飛翔

日々の随想です

雇用とアンチエイジング


 若いから、老齢だからというくくり方はもうしない方が良い。
 という私も他人から「お若いですね」と言われるとむっとすることが多い。なぜなら、若い人には決して「お若いですね」とは言わないからだ。という心理の裏には年齢を気にしている自分がいる。
 
 そんなことを意識の中に潜めていた時、出会ったのが90歳の女性だった。
 彼女は、自分の命の砂時計が残り少なくなっていることを意識し生きる意欲をなくしていた状態だった。
 それが時間をかけてポツポツと自分語りを始めているうちに、まだ自分にも、社会でできることがあるのではないかと思い始めた。そう思い始めると、命の灯火に勢いがつく。自分の経験を若い人に伝えたいと思うようになり、生き生きとしてきた。

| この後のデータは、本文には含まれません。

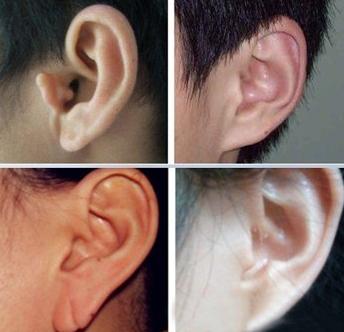 什么是附耳 治疗这种耳部问题可以这样做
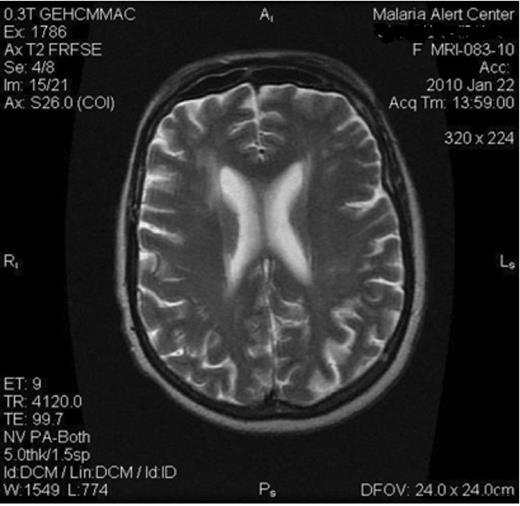 MRI of the brain revealed no masses which generally ruled out brain involvement (Neurocysticercosis)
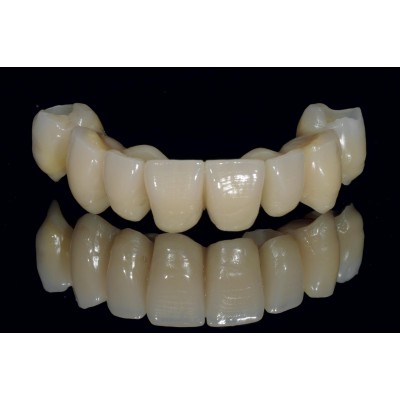 Gold Temp Implants Smalti - LONG-LASTING MICROFILLED TEMPORARY RESIN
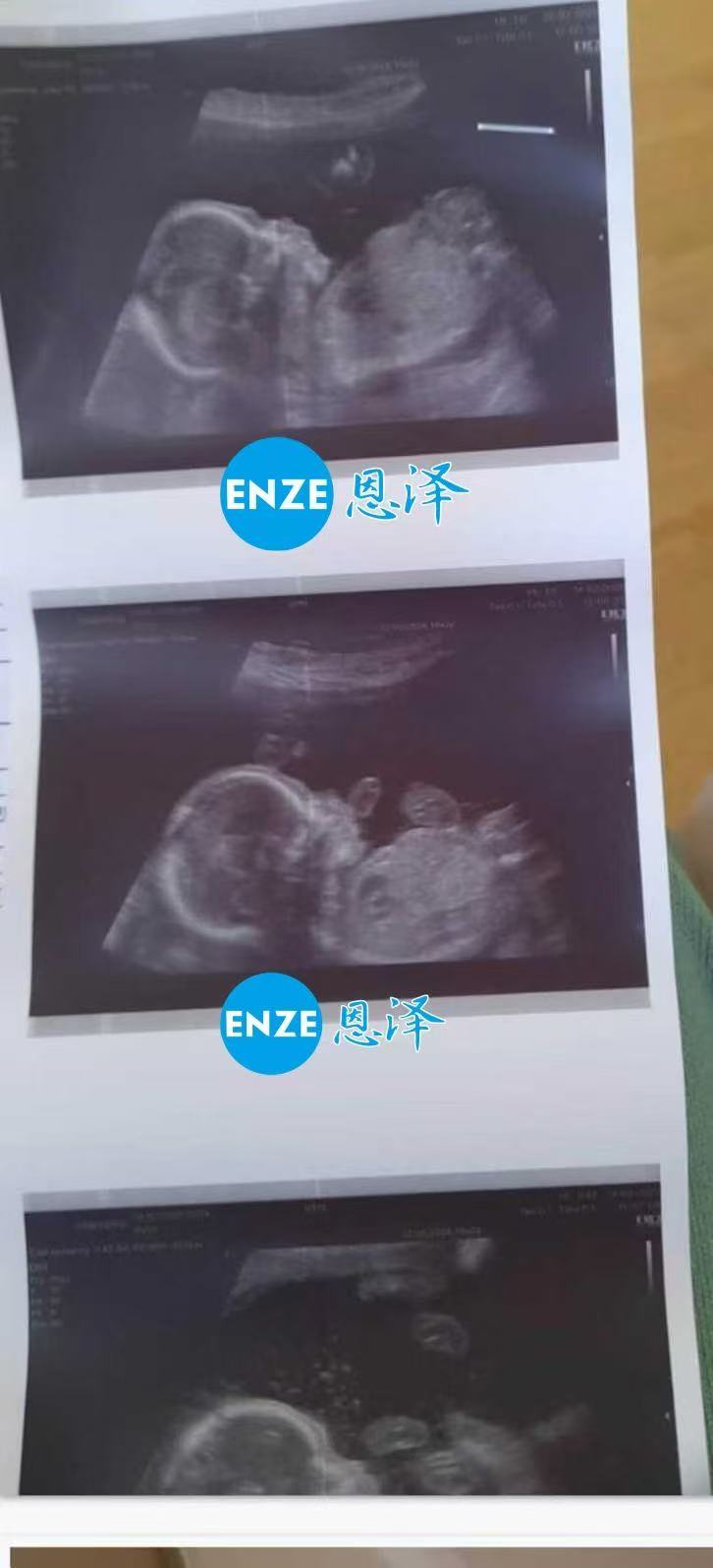 格鲁吉亚代孕代孕代母19周产检顺利通过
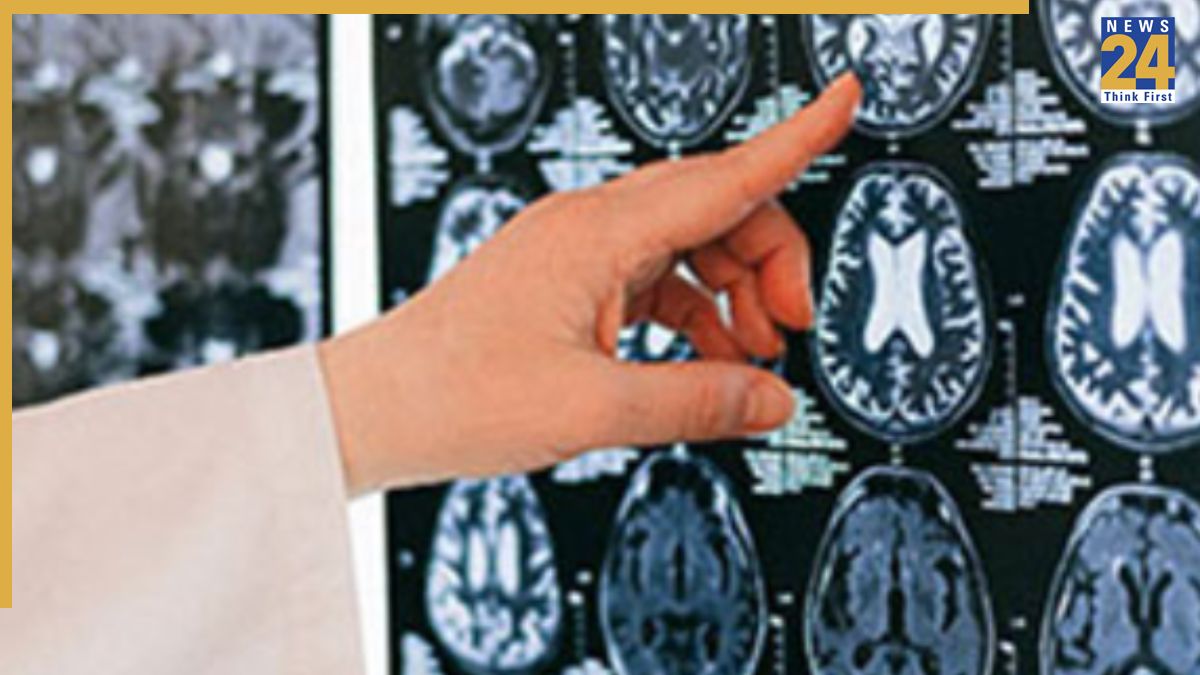 Kerala rare infection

 つまり、人は自分が何かの役に立ちたいという思いがある限りは老いないということだろう。
 60代で定年を迎え、まだまだ若さも元気もあり、磨かれた技能がある人が、一線から退くのは惜しいものだ。若さも活力も技能も知恵もある60代が溢れていて、職につけない若者も居る現代の日本に、海外からの移住者の雇用を増やそうという計画が持ち上がっている。
雇用の問題を安易に海外移住者に負わせる不思議を思う。我が国が、もっと活性化するには老人力を活かすのも、ひとつの方法のように思う。